I do not have any mortgage on my home, but my son does. If he could just continue to pay his current mortgage and his new taxes, etc., I would pay the bills on the smaller home. Is this possible to do without the nightmare of taxes, closing fees, etc? –Andrea
DEAR ANDREA: That’s a very interesting suggestion. There are a number of ways to accomplish your objectives. First, you and your son (and his wife) could just move in to each other’s house. You each could pay a nominal rent to each other, or you could just stay without paying any rent — although your son would have to continue paying the mortgage, the insurance and the real estate tax.
Under this approach, there would be no closing costs and no income tax to pay. But there is a danger to this. I do not know your financial situation so my response has to be general. If your husband just passed away and you sell the house to your son (or anyone) within two years from the date of his death, (and you did not remarry) you are eligible to exclude up to $500,000 of any profit that you will make on the sale. At the end of the two years, you can deduct only up to $250,000 of gain, so long as you have lived in the house two out of the five years before it is sold. Depending on how long you wait to sell, you may lose all of these tax benefits.
The same scenario is true for your son. So my suggestion is to sell your house to your son now and take back all of the financing. Get a lawyer to draft up the promissory note and deed of trust (also called a mortgage), and record the trust document among the land records where the property is located. Your son can sell his house to you, and he will sign the same documents for the difference between the sales price and the mortgage. Since this will be a transfer between mother and son, the lender will not be able to object to this transaction.
However, since these are general comments, you both should get separate attorneys to review and formulate the correct process.
DEAR BENNY: I am currently paying a mortgage on a condo in South Carolina that I no longer live in. It has been for sale for almost a year.
Shortly after putting it on the market, I had an offer, but the sale fell through because of problems with the community. The association’s current management company is proposing $800,000 worth of improvements to the community and wanted to raise our fees to more than $500 per month. I have now learned that a $100 monthly increase has been approved. One of the problems is that several owners are behind on their fees and the association is basically broke. Because of all the problems, I suspect that no lender will approve a mortgage on the unit even if I am fortunate enough to receive an offer.
I do not want to let the property go into foreclosure. I’ve thought of either signing over the condo to the association while I continue to pay the mortgage or donating the condo to a charity. I just want to get rid of the condo (even if it means I continue to pay the mortgage) and not have to deal with the fee or any future assessments or property taxes.
None of these solutions may even be feasible and I have no idea whom to contact to discuss my options. Should I see an attorney or a Realtor or someone else? Can you give me any advice? –Sharon
DEAR SHARON: I know it will not be a consolation to you, but unfortunately, you are not alone.

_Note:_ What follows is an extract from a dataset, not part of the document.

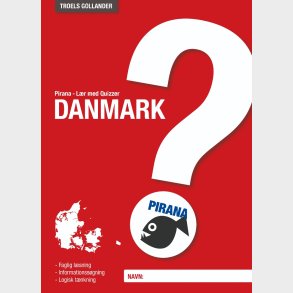 Pirana tr�ningsh�fte - L�r med Quizzer: Danmark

I am hearing the same issues from many condo owners.
I understand that the association may be broke, but increasing condo fees will only lead to more delinquencies — and even less money for the association. Was the increase properly approved by the board? Did they follow the rules spelled out in your condominium legal documents? You should consult a local attorney on this issue.
Have you talked with the board? Do they understand what they are doing? Perhaps you should try to organize a group of concerned owners and sit down with the board. There are ways to trim expenses; often, there is a lot of "fat" in the budget that can be cut out. Some services can be delayed, while other services can be done once a week instead of daily.
If you cannot convince the board that they are making a big financial mistake, you have several options. If the association agrees (which I doubt they will), you can give the unit to the association. You can try to give it to a charity, but again, you will need its consent. They may be interested, but probably only if you agree to pay the condo fees and the real estate tax at least until the organization can sell the property.
You could also consider selling the unit at a fire sale, just to get rid of it. Before you do this, however, explain to the board of directors that you don’t want to do this but may have no alternative if they don’t reconsider the fee increase. …CONTINUED
DEAR BENNY: I have lived in a 27-unit condo building for almost 16 years. There is no mention in the condo documents about smoking restrictions.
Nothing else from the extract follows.